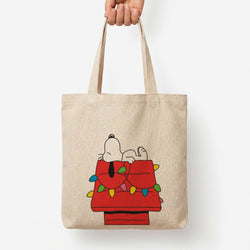 Cartoon Beagle Fairylights Tote Bag — Natural / Large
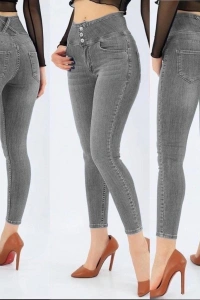 Yüksel Bel Likralı Kot Pantolon (Gri)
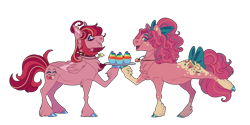 Size: 3000x1500 | Tagged: safe, artist:uunicornicc, derpibooru import, pinkie pie, oc, earth pony, pegasus, pony, fanfic:cupcakes, alternate design, bow, chest fluff, choker, cupcake, duo, earth pony oc, food, hair bow, holding, hoof hold, pegasus oc, raised hoof, raised leg, simple background, spiked choker, tail, tail bow, transparent background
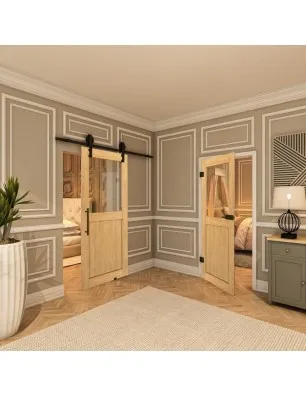 Glasschiebetür BARN-LINE - Country Sonoma Eiche Model 22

Work instructions
Pictures are to be omitted. The lines from the line holding "Size: 3000x1500 |" through the closing line of the data above are to be set down exactly, and nothing more.

Response area
 Size: 3000x1500 | Tagged: safe, artist:uunicornicc, derpibooru import, pinkie pie, oc, earth pony, pegasus, pony, fanfic:cupcakes, alternate design, bow, chest fluff, choker, cupcake, duo, earth pony oc, food, hair bow, holding, hoof hold, pegasus oc, raised hoof, raised leg, simple background, spiked choker, tail, tail bow, transparent background
 Glasschiebetür BARN-LINE - Country Sonoma Eiche Model 22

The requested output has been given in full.